La pierre fondatrice de la Premier League
En 1991, un Écossais en remplace un autre sur le banc de Liverpool. Bye bye Kenny Dalglish, hello Graeme Souness. Évidemment, le nouveau technicien veut imposer son style. Souffrant sans doute un peu du syndrome de Stockholm, le board de Liverpool valide l’arrivée de Michael Thomas pour la somme d’1,5 million de livres après que ce dernier a remporté un ultime titre de First Division avec Arsenal. Il restera sept ans chez les Scousers avant de tenter sa chance à Benfica, puis de prendre sa retraite tranquillou, après une dernière pige à Wimbledon. Une fois les crampons raccrochés, le natif de Lambeth reviendra… du côté de Liverpool. Résidant dans la péninsule du Wirral, entre le pays de Galles et le grand Liverpool, Thomas y a même monté une boîte de service de sécurité et de chauffeur nommée « Stop Taking the Michael » (expression cockney signifiant « Arrête de te moquer » ). Mais si son but n’a apporté au milieu aux deux sélections chez les Three Lions qu’une simple reconversion, il est clairement beaucoup plus considéré au sein du football anglais.
À Arsenal d’abord, où il fut élu deuxième meilleur moment de l’histoire du club en 2007, derrière les « Invincibles » Gunners qui termineront la saison 2003-2004 sans aucune défaite au compteur.

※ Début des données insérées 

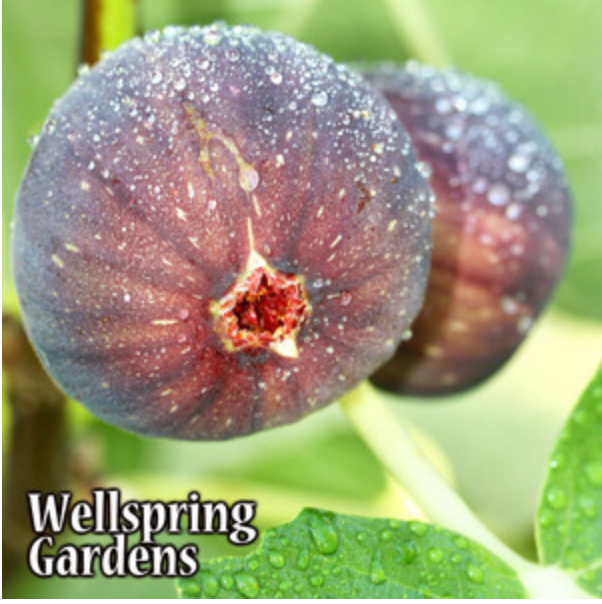 LSU Purple Fig Live Plant - Ficus carica - Wellspring Gardens Starter Plant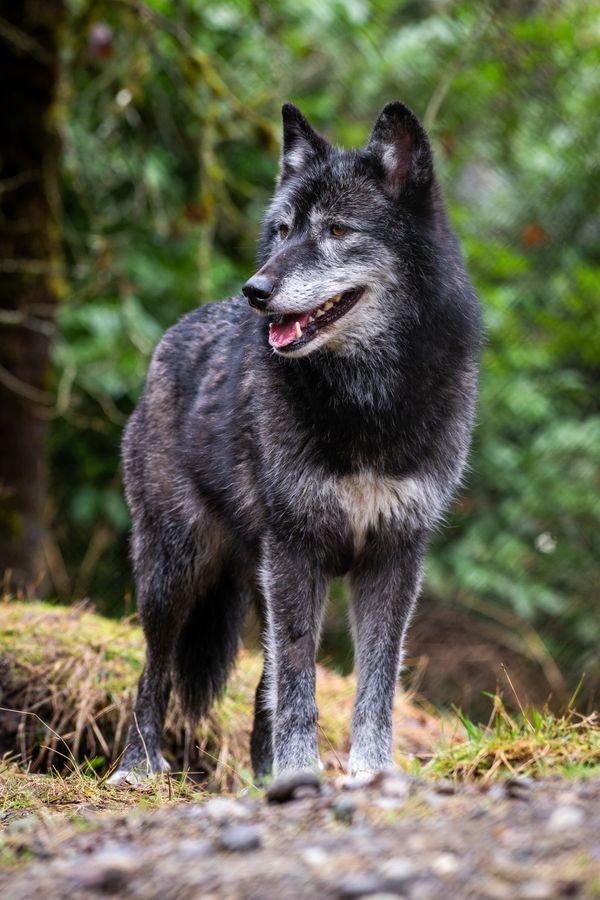 Ellie (wolfdog).jpg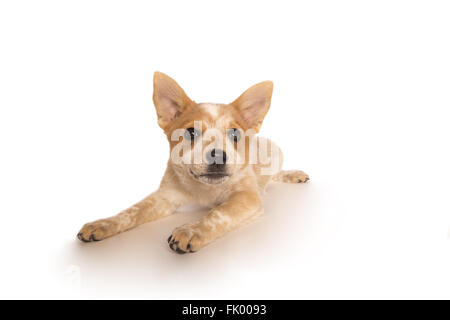 Playful Australian cattle dog pup lying down isolated on white backgroun Stock Photo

En Angleterre plus généralement ensuite, où le public se reprit à vibrer pour des footballeurs dans un contexte politico-social extrêmement strict rognant sur le cadre sportif. Nick Hornby en fera même le climax de son ouvrage Fever Pitch, sorti en 1992. Dans les médias anglais aussi, où l’on considère souvent que ce match fut un moment charnière dans l’attribution des droits télé d’un championnat qui a engrangé près de 7 milliards dans ce domaine récemment. Dans les années 80, la diffusion du football à la télévision est sporadique et, surtout, gratuite via la chaîne ITV, mais avec l’arrivée de la Premier League, les consortiums TV pointent le bout de leur nez. Sky les premiers, qui raflent pour plus de 300 millions de livres les droits du championnat anglais dès 1991. Il se murmure que Rupert Murdoch, patron de Sky et lobbyiste de la Premier League, aurait pris la décision de mettre des billes dans le foot anglais après avoir ressenti tout le potentiel dramatique du but de Michael Thomas dans le money time en ce fatidique 26 mai 1989.